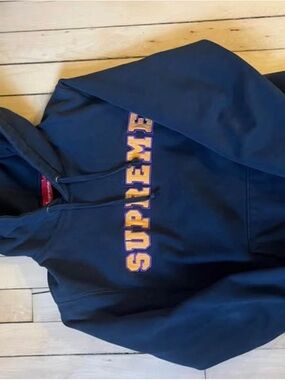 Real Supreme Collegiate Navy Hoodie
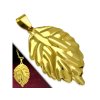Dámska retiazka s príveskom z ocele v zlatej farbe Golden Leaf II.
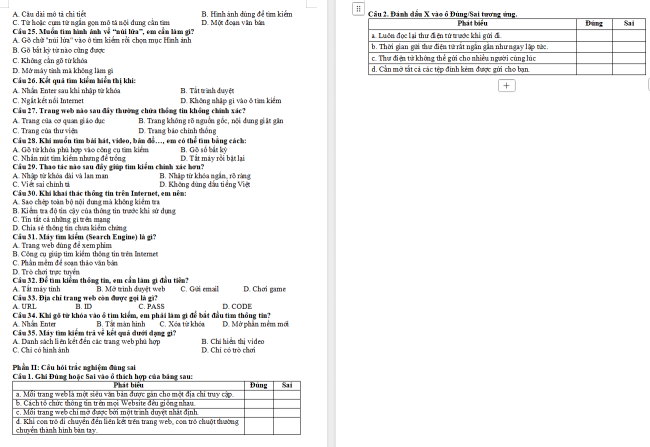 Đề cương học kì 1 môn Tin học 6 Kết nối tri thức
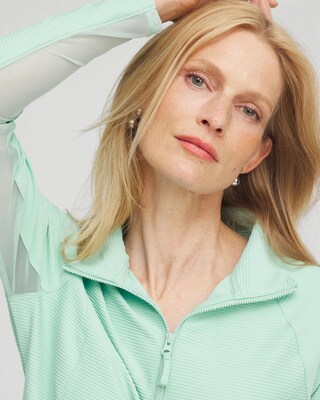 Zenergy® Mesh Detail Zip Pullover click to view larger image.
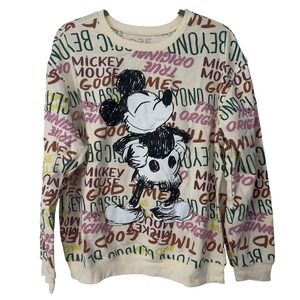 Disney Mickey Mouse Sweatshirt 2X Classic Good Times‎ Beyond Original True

_PROMPT_
In full and without error, repeat the listing above, omitting its images.

_ANSWER TO THE PROBLEM_
 Real Supreme Collegiate Navy Hoodie
Dámska retiazka s príveskom z ocele v zlatej farbe Golden Leaf II.
 Đề cương học kì 1 môn Tin học 6 Kết nối tri thức
 Zenergy® Mesh Detail Zip Pullover click to view larger image.
 Disney Mickey Mouse Sweatshirt 2X Classic Good Times‎ Beyond Original True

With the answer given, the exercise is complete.